Start of Block

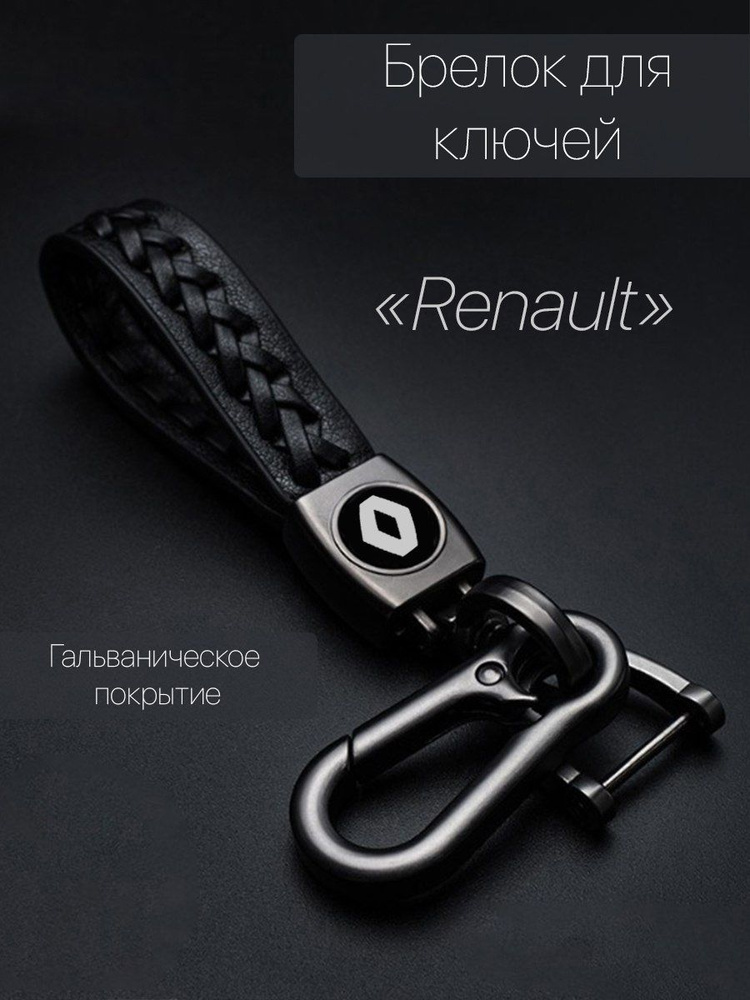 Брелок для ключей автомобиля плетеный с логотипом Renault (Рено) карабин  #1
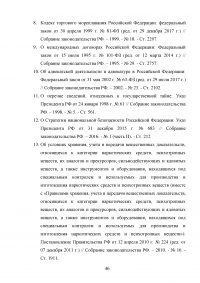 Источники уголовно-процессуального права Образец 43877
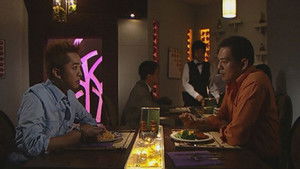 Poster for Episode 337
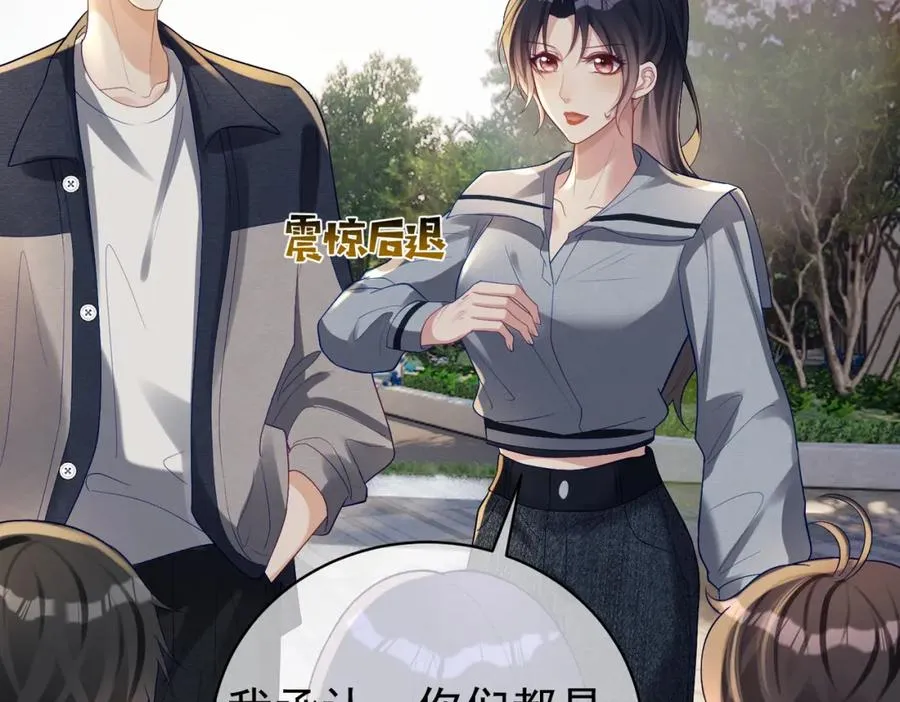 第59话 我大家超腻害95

End of Block

Apart from the images, print all the material above exactly as given.

 Брелок для ключей автомобиля плетеный с логотипом Renault (Рено) карабин  #1
 Источники уголовно-процессуального права Образец 43877
 Poster for Episode 337
 第59话 我大家超腻害95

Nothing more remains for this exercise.